• Your goal
Nothing but the lines from the one with "Gold Building Lijst" through the end of the data should be set down, each exactly as written, and no picture should be included.
[[ Entries supplied open ]]
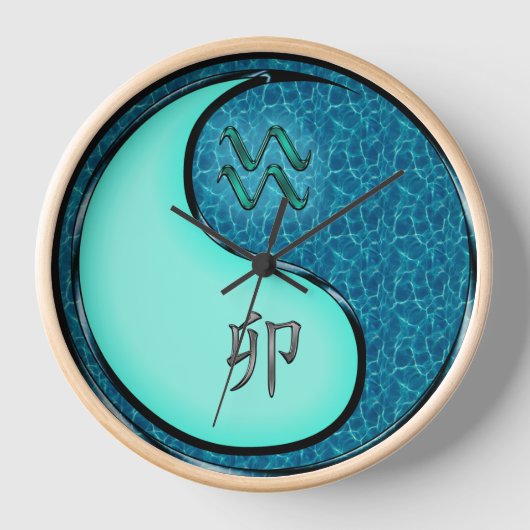 Wassermann & Wasser Kaninchen Uhr (Vorderseite)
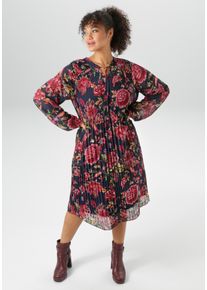 ANISTON PLUS Damen Sommerkleidmarine, bordeaux, gelb, modisch, Gr. 44, geblümt, gemustert, Web, Obermaterial: 100% Polyester. Futter: 100% Polyester,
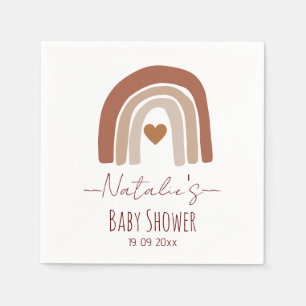 Adorable earthy rainbow baby shower for her brown napkin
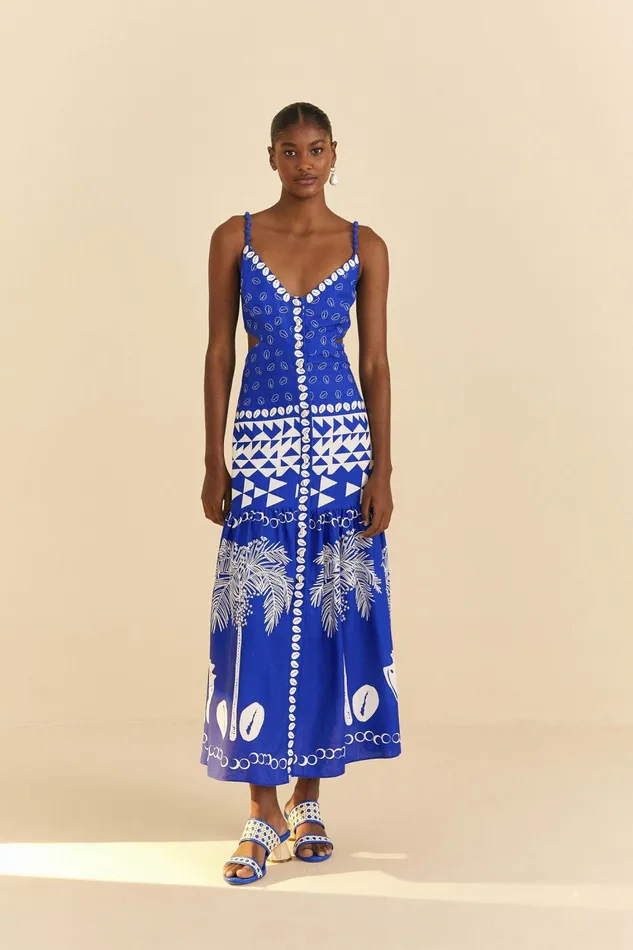 Women Midi Dresses Farm Rio Blue Mixed Ondina Midi Dress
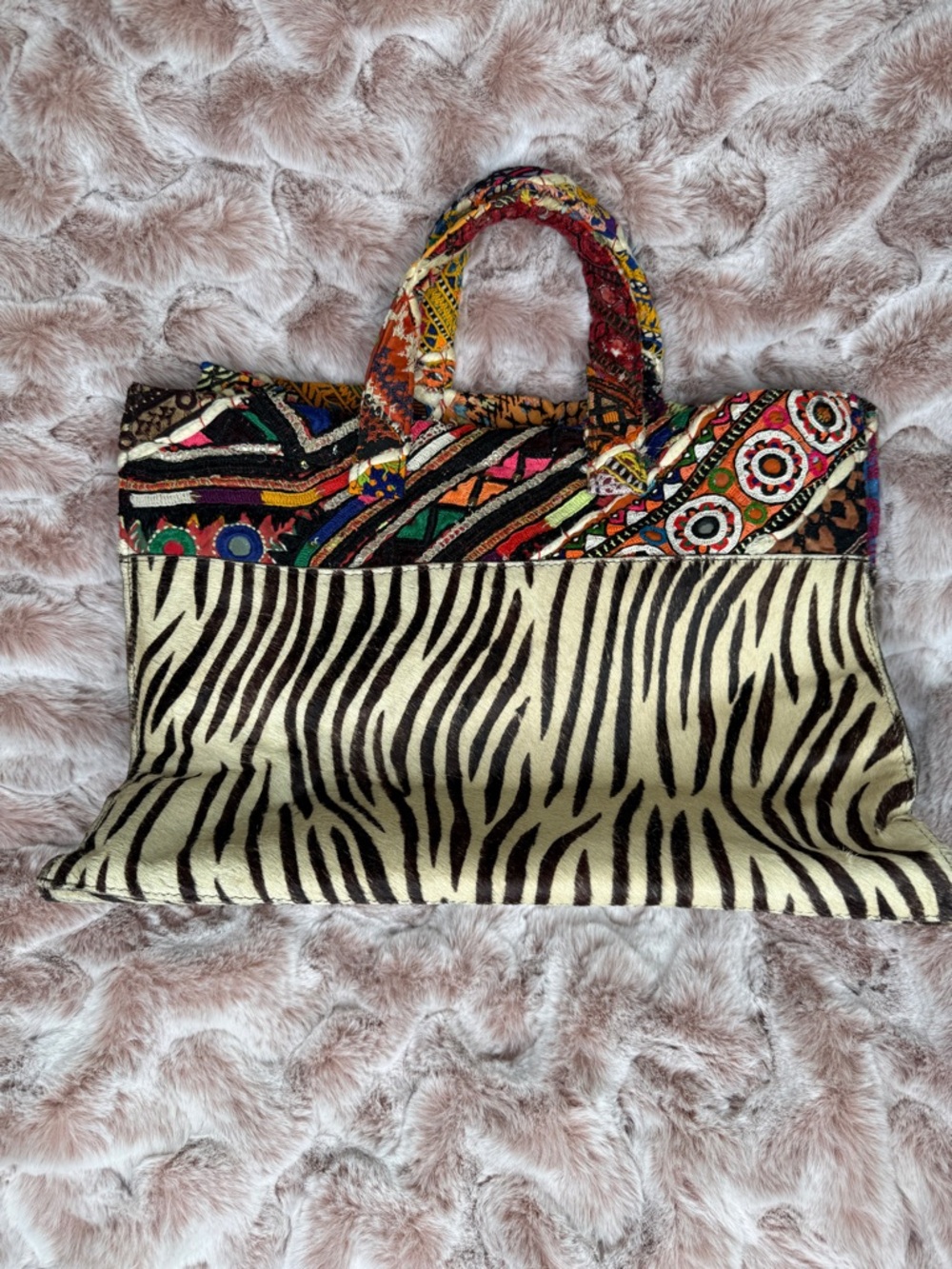 Rose & Rose Zebra Haircalf Leather Embroidered Boho Tote Bag Handmade Patchwork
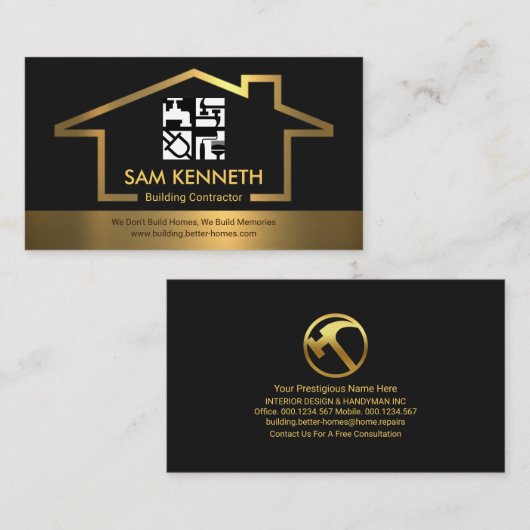 Gold Building Lijst Handyman Construction Tools Visitekaartje (Voorkant / Achterkant)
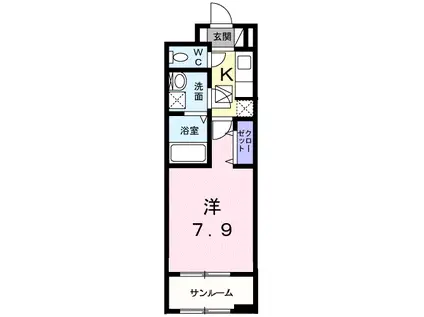 TEA TREE(1K/1階)の間取り写真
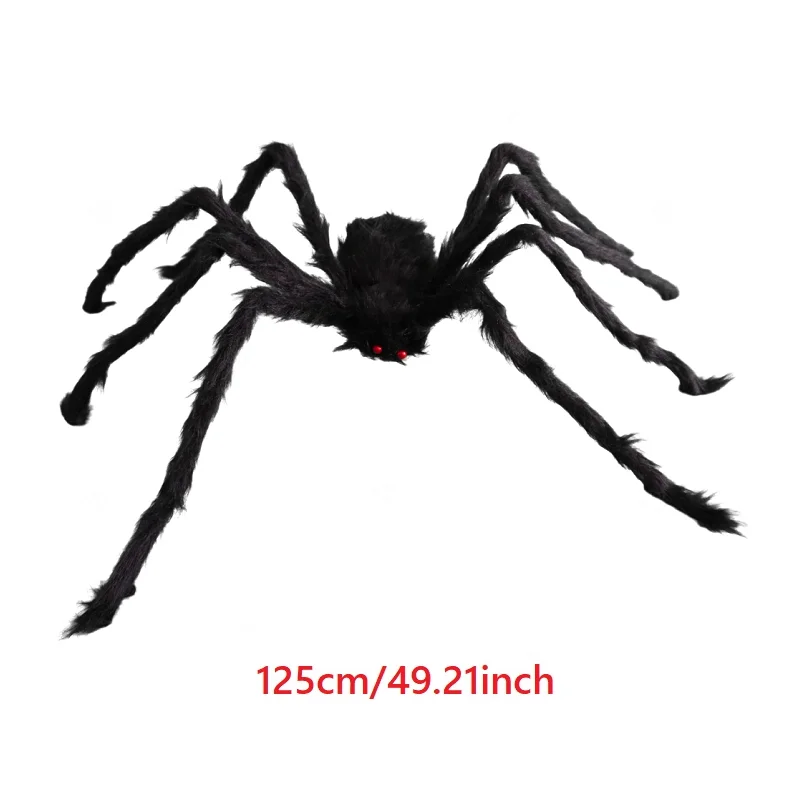 Riesige Schwarze Plüsch-Spinne Halloween-Dekoration 30-200cm Horror Spukhaus-Requisiten Innen- und Außendekoration für Gruselpartys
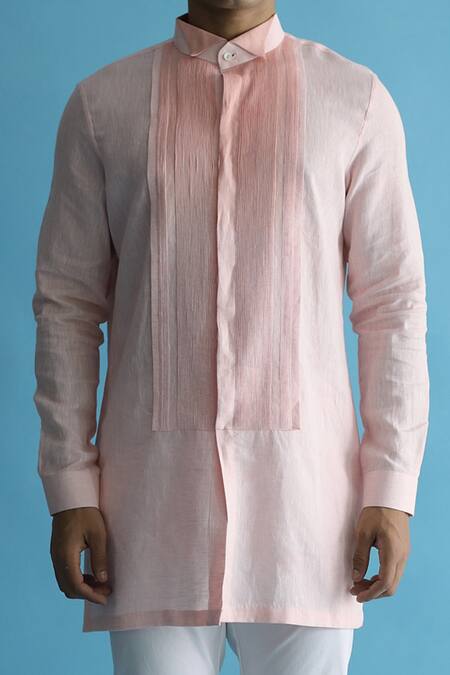 Buy_Kaha_Pink Linen Pintuck Kawakaarip Detail Kurta_Online_at_Aza_Fashions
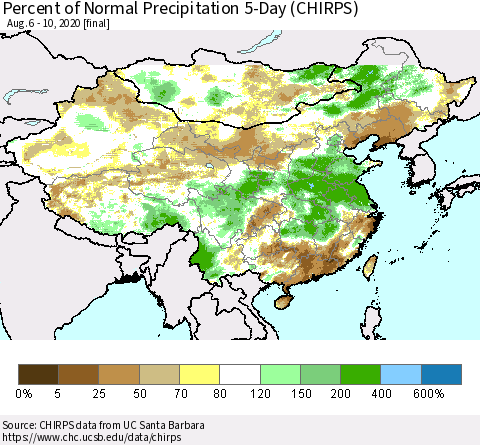 China, Mongolia and Taiwan Percent of Normal Precipitation 5-Day (CHIRPS) Thematic Map For 8/6/2020 - 8/10/2020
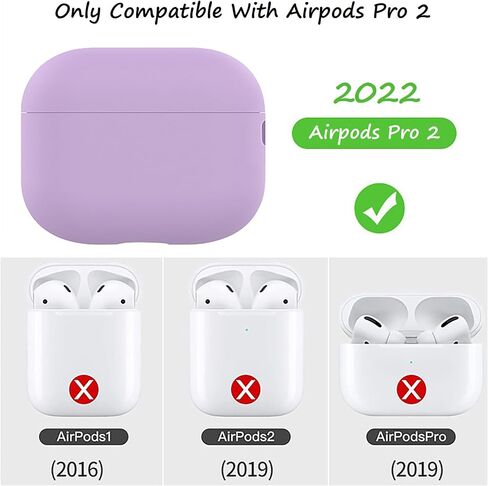 غطاء حماية من السيليكون الناعم متوافق مع Airpods Pro 2، حافظة واقية بسمك 1.5 مم، LED مرئية أمامية (أرجواني) in Kuwait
[[ Entries supplied closed ]]
• Response to this task
 Gold Building Lijst Handyman Construction Tools Visitekaartje (Voorkant / Achterkant)
 TEA TREE(1K/1階)の間取り写真
 Riesige Schwarze Plüsch-Spinne Halloween-Dekoration 30-200cm Horror Spukhaus-Requisiten Innen- und Außendekoration für Gruselpartys
 Buy_Kaha_Pink Linen Pintuck Kawakaarip Detail Kurta_Online_at_Aza_Fashions
 China, Mongolia and Taiwan Percent of Normal Precipitation 5-Day (CHIRPS) Thematic Map For 8/6/2020 - 8/10/2020
 غطاء حماية من السيليكون الناعم متوافق مع Airpods Pro 2، حافظة واقية بسمك 1.5 مم، LED مرئية أمامية (أرجواني) in Kuwait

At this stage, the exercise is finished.